Venom: Let There Be Carnage | 2021

Venom: Let There Be Carnage film location: Goodwood House, Sussex
Venom: Let There Be Carnage film location: Shriek is incarcerated in the 'Ravencroft Institute': Goodwood House, Sussex. | Photograph: Wikimedia / Stephen Richards

Discover the locations where Venom: Let There Be Carnage was filmed around San Francisco. Since the film was based at Leavesden Studios in England, there are some English locations too.


Although the sequel to Venom is also set in San Francisco, you'd hardly guess from watching the film that it was based at Leavesden Studios in the UK, where most of the interiors were shot. In fact there were only three weeks shooting in San Francisco, mainly exterior shots.

Venom: Let There Be Carnage film location: O'Farrell Street, Tenderloin, San Francisco
Venom: Let There Be Carnage film location: Eddie Brock's apartment in the Tenderloin: O'Farrell Street, Tenderloin, San Francisco" | Photograph: Google Maps

One of these real exteriors is the apartment Eddie Brock (Tom Hardy) 'shares' with Venom, and a couple of chickens, which is 545 O'Farrell Street in the Tenderloin District.

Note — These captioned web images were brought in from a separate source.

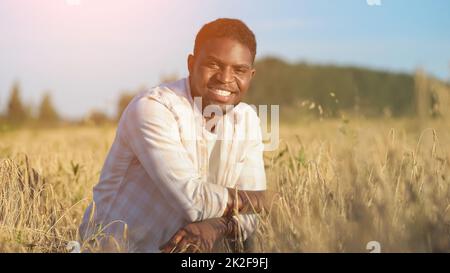 African American agriculturist sits on wheat field smiling Stock Photo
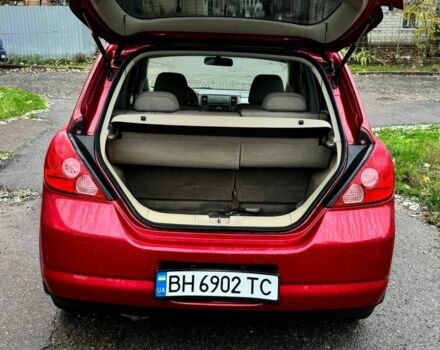 Красный Ниссан Тиида, объемом двигателя 1.6 л и пробегом 160 тыс. км за 6600 $, фото 3 на Automoto.ua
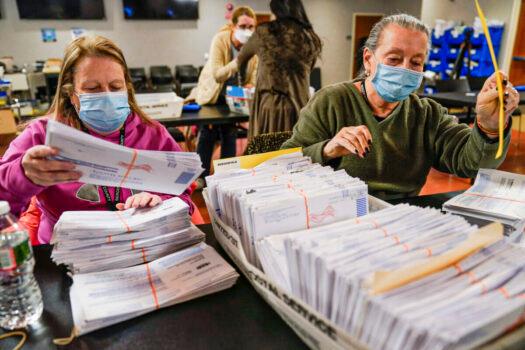 Election workers Bernadette Witt, left, and JoAnn Bartlett, right, process and double-check mail-in ballots for Bergen County in Hackensack, N.J., on Nov. 3, 2021. (Seth Wenig/AP Photo)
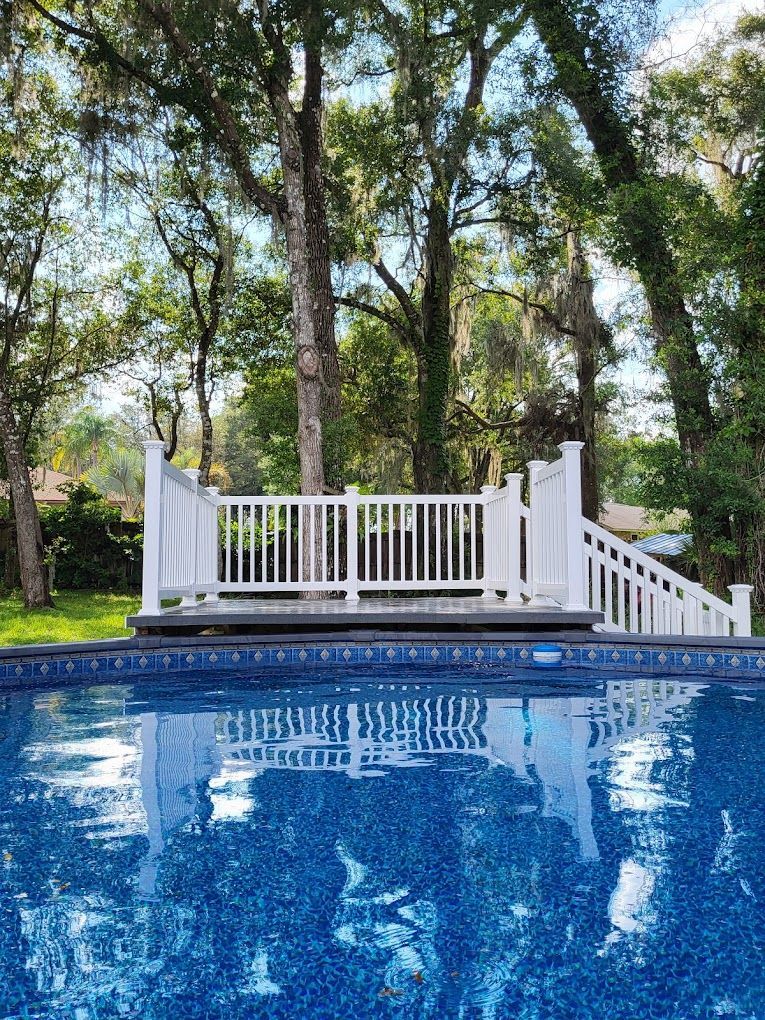A swimming pool with a white railing and trees in the background.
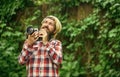 What a great day. reporter make photo. vintage camera. capture these memories. SLR camera. hipster man with beard use Royalty Free Stock Photo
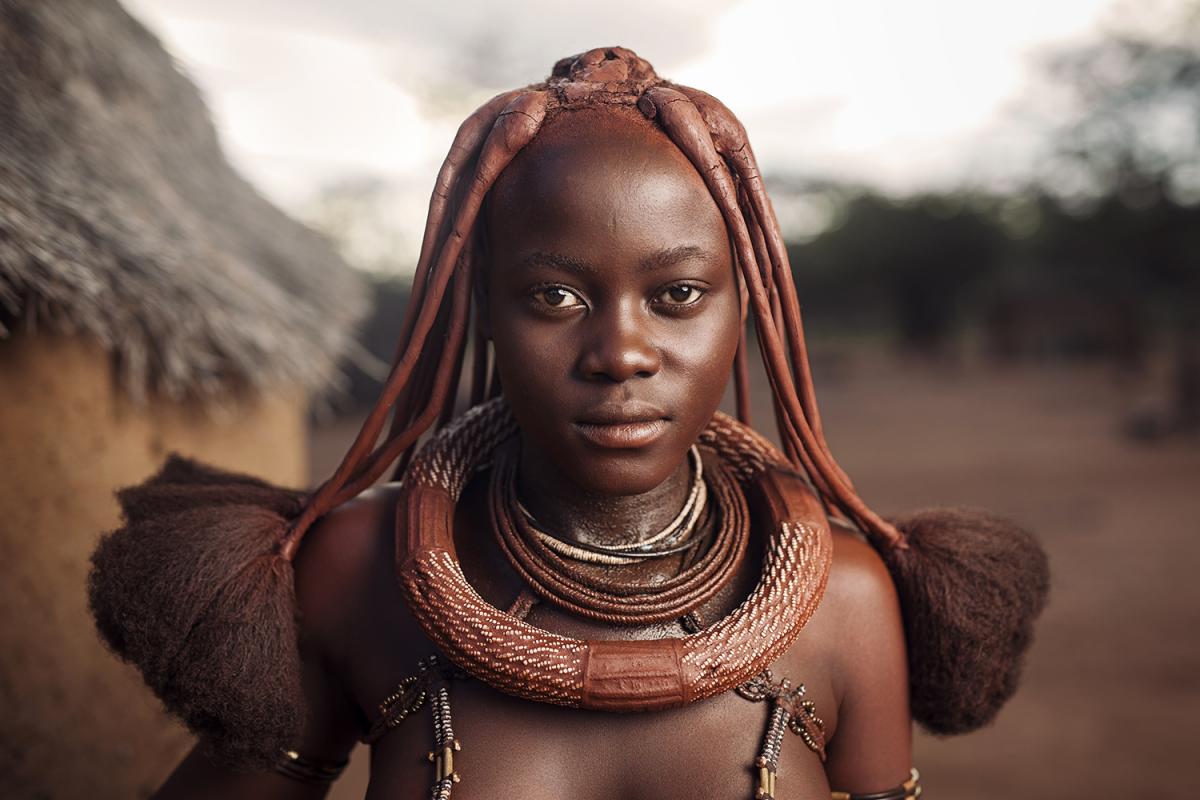 From the time a Himba girl is born, her hairstyle will identify her place in society. Photo by Sean Tucker.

Venom: Let There Be Carnage film location: Anchor Steam Brewery, Mariposa Street, San Francisco
Venom: Let There Be Carnage film location: Eddie is summoned to the 'Tenderloin Police Station': Anchor Steam Brewery, Mariposa Street, San Francisco | Photograph: Google Maps

'Tenderloin Police Station', to which Eddie is summoned by Detective Mulligan (Stephen Graham) is the Anchor Steam Brewery building, 1705 Mariposa Street in Potrero. The brewery closed in 2023 after 127 years of business but the company has been bought and there are plans to relaunch.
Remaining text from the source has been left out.